I don’t find Hillary Clinton very likable. She doesn’t seem to be interested in being my friend or winning my heart. She does seem interested in winning my vote though and she’s earning it by demonstrating a sophisticated knowledge of the United States government. Not the ideal one that exists only in civics textbooks and in the minds of historical reenactors but the actual, living system made up of millions of little parts that meets the needs of hundreds of millions of people each day. You can’t just replace the bad with the good in our government. Let’s say you want to cut the cost of the military in half. Brilliant, let’s do that. That would fix so many problems and we could spend it on education and even create a federal, fully-funded pre-Kindergarten childcare program. But you can’t just tell the joint chiefs that you’re giving them half the money next year. Even if you had total discretionary power over the budget (which the president does not) you’d still have to go look at where the money is going and decide if you’d rather spend less maintaining the Air Force, less paying veterans’ healthcare bills, less on multi-year research programs, or some other line items. You can’t just fire every other employee in the military or cut all the (very low) salaries in half and expect the system to keep working.
I don’t expect Hillary Clinton and I will ever meet or, if we were to, I don’t think she’d give a damn about me or my values or my opinions. And I don’t care because she was our Secretary of State, a U.S. Senator, she’s already lived in the White House for eight years, and I know of no other leader with such a depth of knowledge about the incredibly complex system that we’ve built to support our country.
I wasn’t the first person to own that massive database I mentioned earlier. Everyone before me tried the Bernie approach to fixing it and failed so poorly that not only was the system still unfixed but a narrative developed that it could not be fixed. And the first two times I tried to fix it I failed somewhat dramatically. Each attempt failed to take into account that as bad as all of the bad parts were the thing mostly worked most of the time and we couldn’t afford to have it stop doing what it did even for a moment. In the end the real solution was slower, more expensive, and less satisfying — it was just lots of tiny, measured steps in the same direction performed by many people over a long time. And this is what I believe Hillary is uniquely able to do.

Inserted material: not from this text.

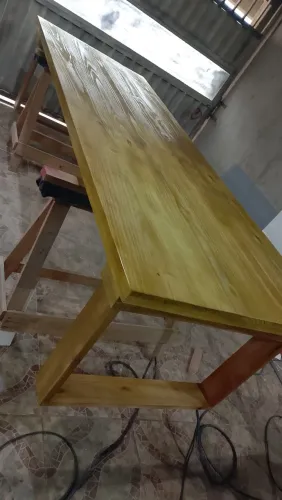 Mesa Rústica Madeira Maciça 3m x 1m (Tampo 30mm) - Direto de Fábrica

Hillary has won the endorsements of seemingly every group that can endorse a presidential candidate. Congresspeople, mayors, governors, unions, state senators, diplomats, industry execs, lobbyists — they’re all behind her. My millenial friends see this as corruption (particularly that she has such support of lobbyists) but I see something else. Because if she can get empowered people moving in the same direction she can make real improvements to this complex system we all accidentally built together.